You did not align your loop.
If all of your jump instruction is not in the same cache line as the rest of the loop you incur an extra cycle to fetch the next cache line.
The various alternatives you've listed assemble to the following encodings.
0: ff 04 1c inc DWORD PTR [esp+ebx*1]
3: ff 04 24 inc DWORD PTR [esp]
6: ff 44 24 08 inc DWORD PTR [esp+0x8]
[esp]
and [esp+reg]
both encode in 3 bytes, [esp+8]
takes 4 bytes.
Because the loop starts at some random location, the extra byte pushes (part of) the jne loop
instruction to the next cache line.
A cache line is typically 16 bytes.
You can solve this by rewriting the code as follows:
mov eax, 0
mov ebx, 8
.align 16 ;align on a cache line.
loop:
inc dword ptr [esp + ebx] ;7 cycles
inc eax ;0 latency drowned out by inc [mem]

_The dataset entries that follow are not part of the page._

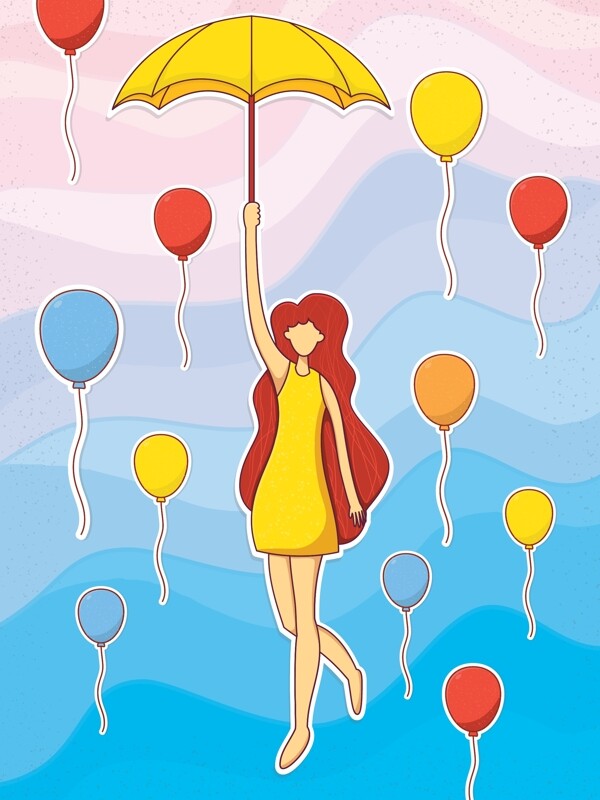女孩撑雨伞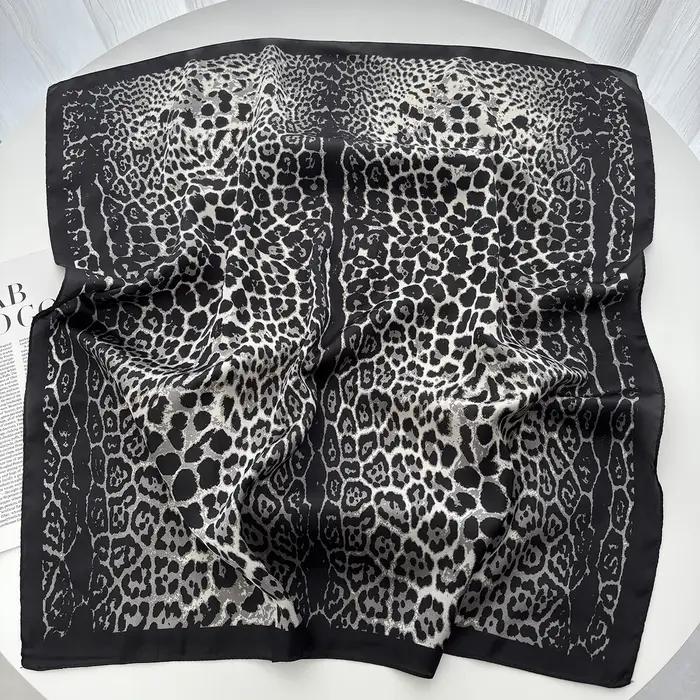 Foulard de cou en Satin imprimé Floral pour femme, Foulard carré pour cheveux, bandeau, châles, Band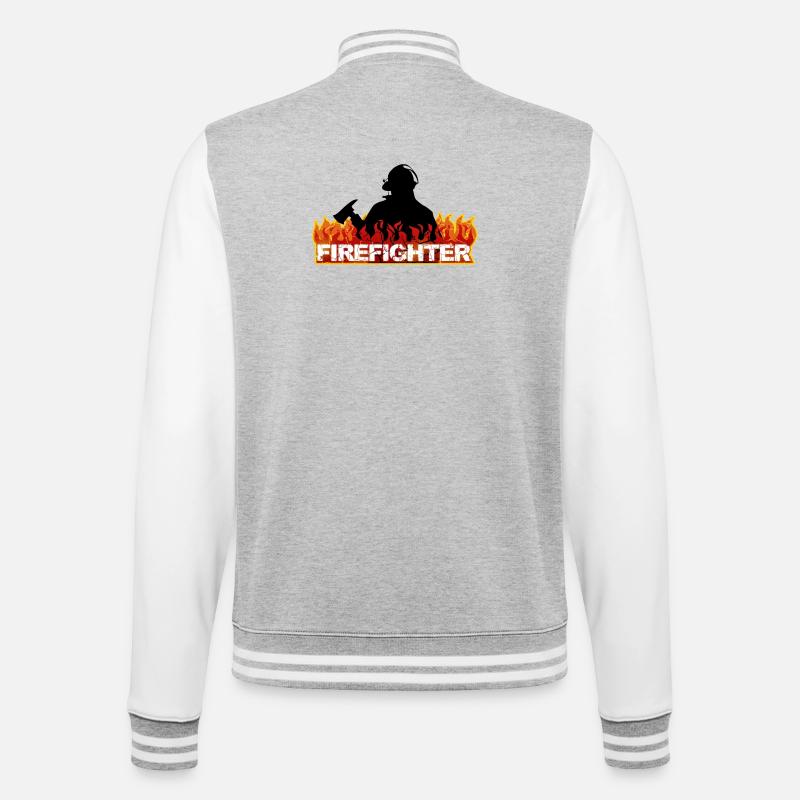 Fireman - College Sweat Jacket - heather grey/white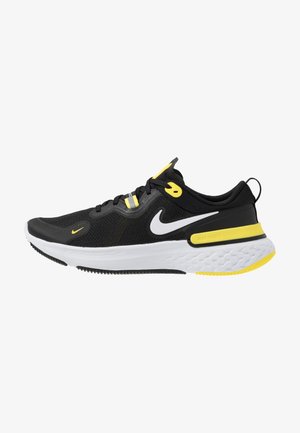 Nike Performance REACT MILER - Zapatillas running asfalto - black/white/opti yellow/dark grey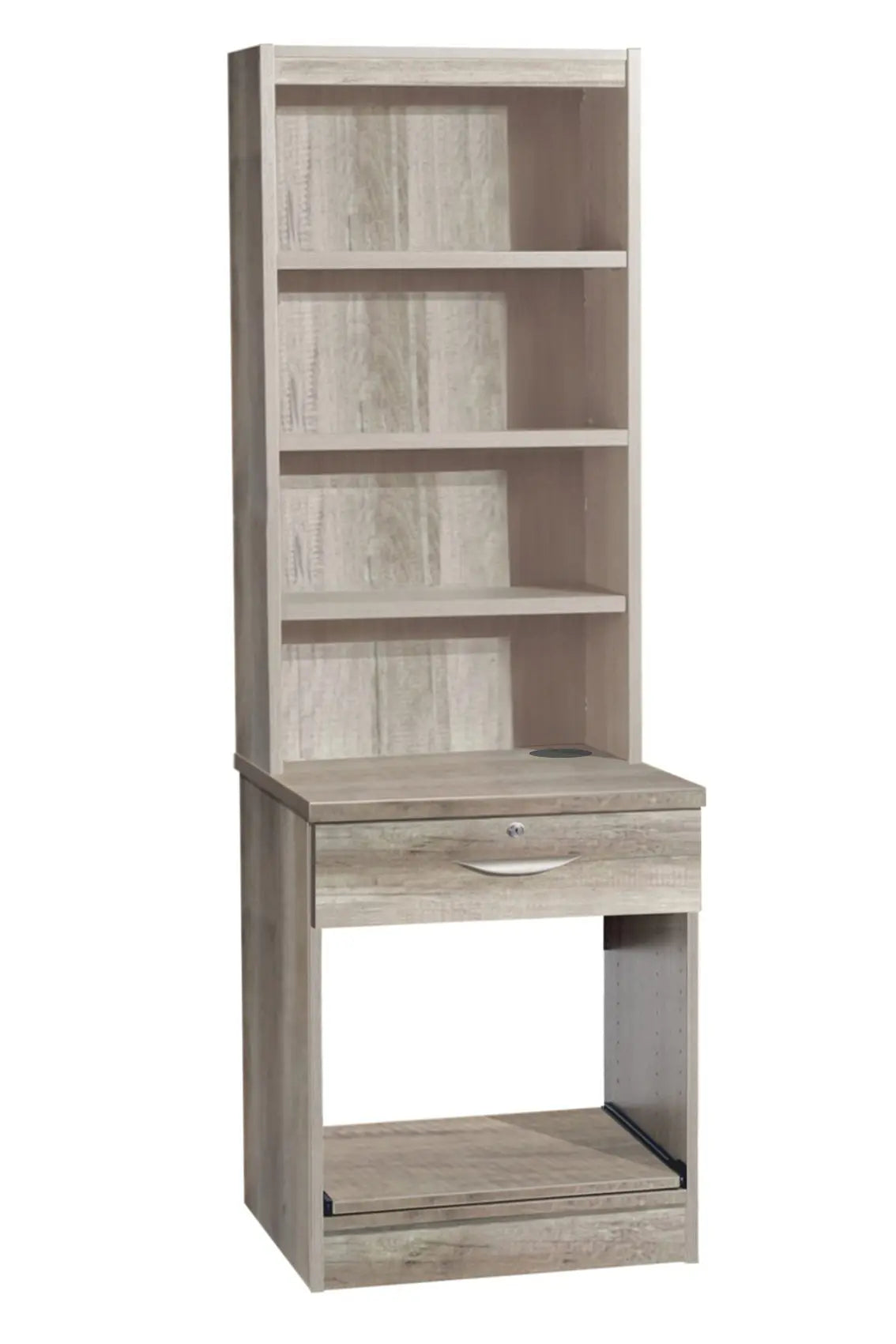 Home Office Desk Height Printer/Scanner Drawer Unit with Hutch Bookcase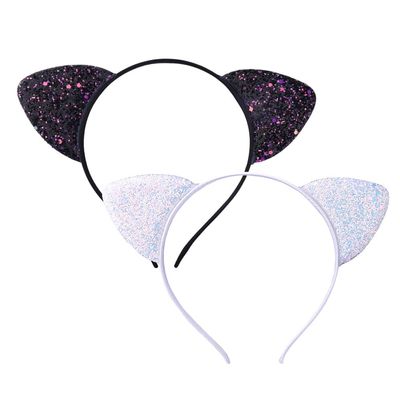 Sudaporn Giltter Cat Ear Halloween Costume Accessories Confetti Black White Ear HeadBands Animal Themed Party Cat Hair Accessory for Halloween Cosplay Celebration 2PCS Sparkly Kitty Hair Bands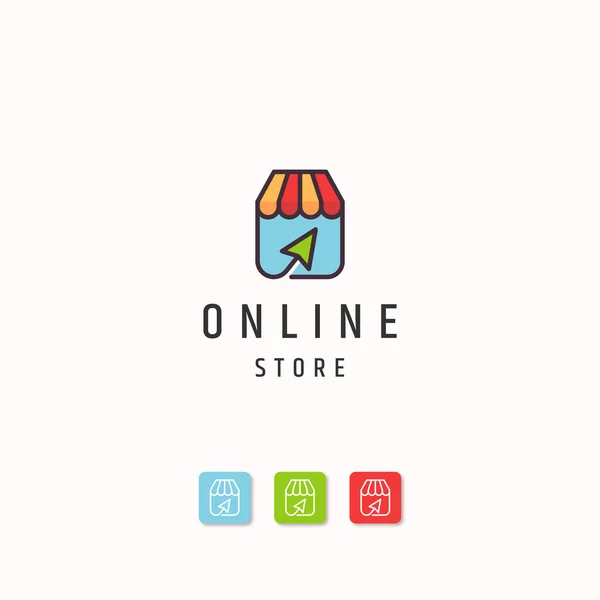 Loja Online Ícone Loja Logotipo Design Modelo Vetor — Vetor de Stock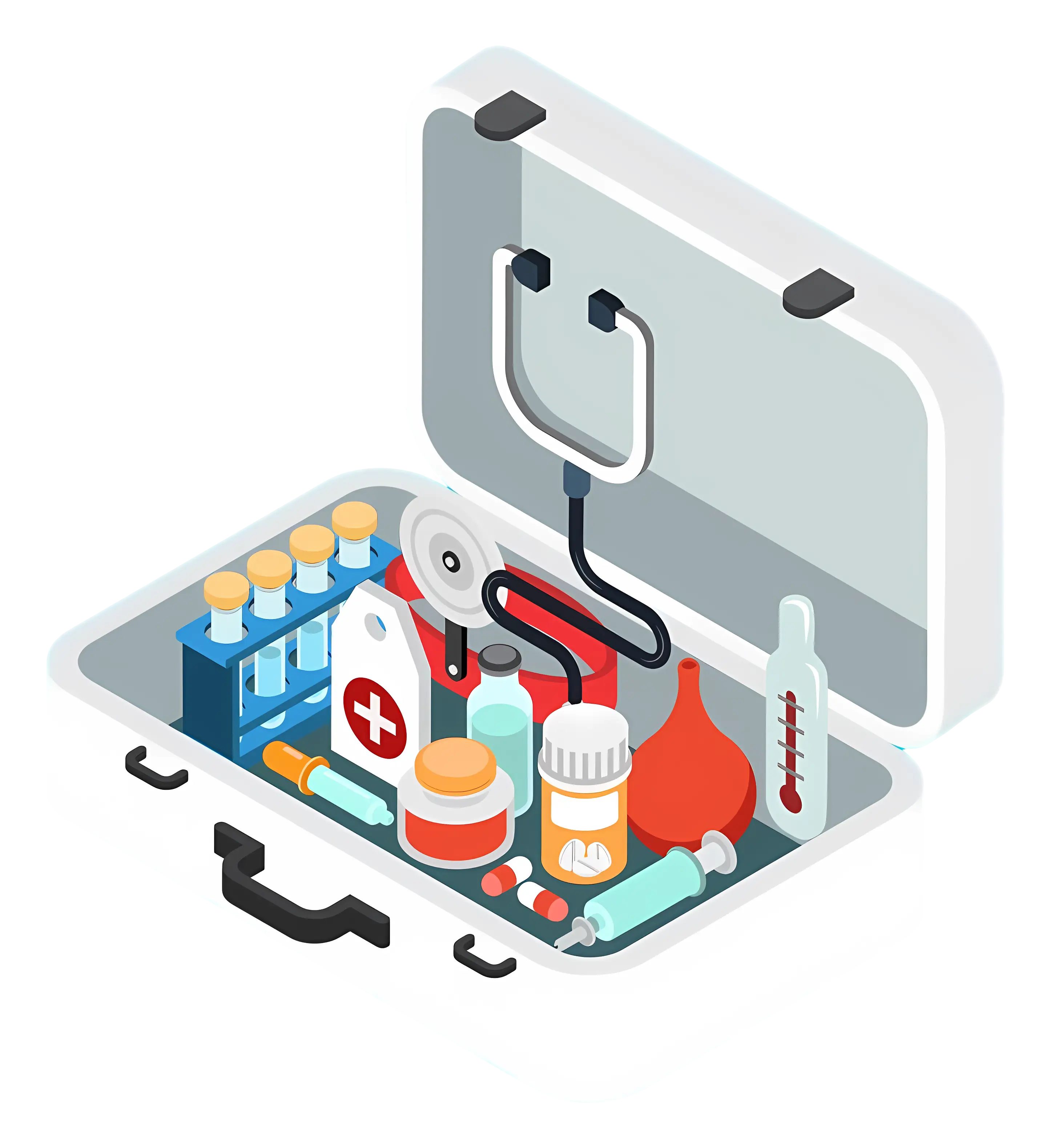 Isometric Medical Kit Illustration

cmp eax, 0xFFFFFFFF ;0 " "
jne loop ;0 " "
mov eax, 1
mov ebx, 0
int 0x80
This loop should take 7 cycles per iteration.
Disregarding the fact that the loop does not do any useful work, it can be further optimized like so:
mov eax, 1 ;start counting at 1
mov ebx, [esp+ebx]
.align 16
loop: ;latency ;comment
lea ebx,[ebx+1] ; 0 ;Runs in parallel with `add`
add eax,1 ; 1 ;count until eax overflows
mov [esp+8],ebx ; 0 ;replace a R/W instruction with a W-only instruction
jnc loop ; 1 ;runs in parallel with `mov [mem],reg`
mov eax, 1
xor ebx, ebx
int 0x80
This loop should take 2 cycles per iteration.
By replacing the inc eax
with a add
and replacing the inc [esp]
with instructions that do not alter the flags you allow the CPU to run the lea + mov
and the add+jmp
instructions in parallel.
The add
is can be faster on newer CPU's because add
alters all the flags, whereas inc
only alters a subset of the flags.
This can cause a partial register stall on the jxx
instruction, because it has to wait for the partial write to the flags register to be resolved.
The mov [esp]
is also faster, because you're not doing a read-modify-write
cycle, you're only writing to memory inside the loop.
Further gains can be made by unrolling the loop, but the gains will be small, because the memory access here dominates the runtime and this is a silly loop to begin with.
To summarize:
- Avoid Read-modify-write instructions in a loop, try to replace them with separate instructions for reading, modifying and writing, or move the reading / writing outside of the loop.
- Avoid
inc
to manipulate loop counters, use add
instead.
- Try to use
lea
for adding when you're not interested in the flags.
- Always align small loops on cache lines
.align 16
.
- Do not use
cmp
inside a loop, the inc/add
instruction already alters the flags.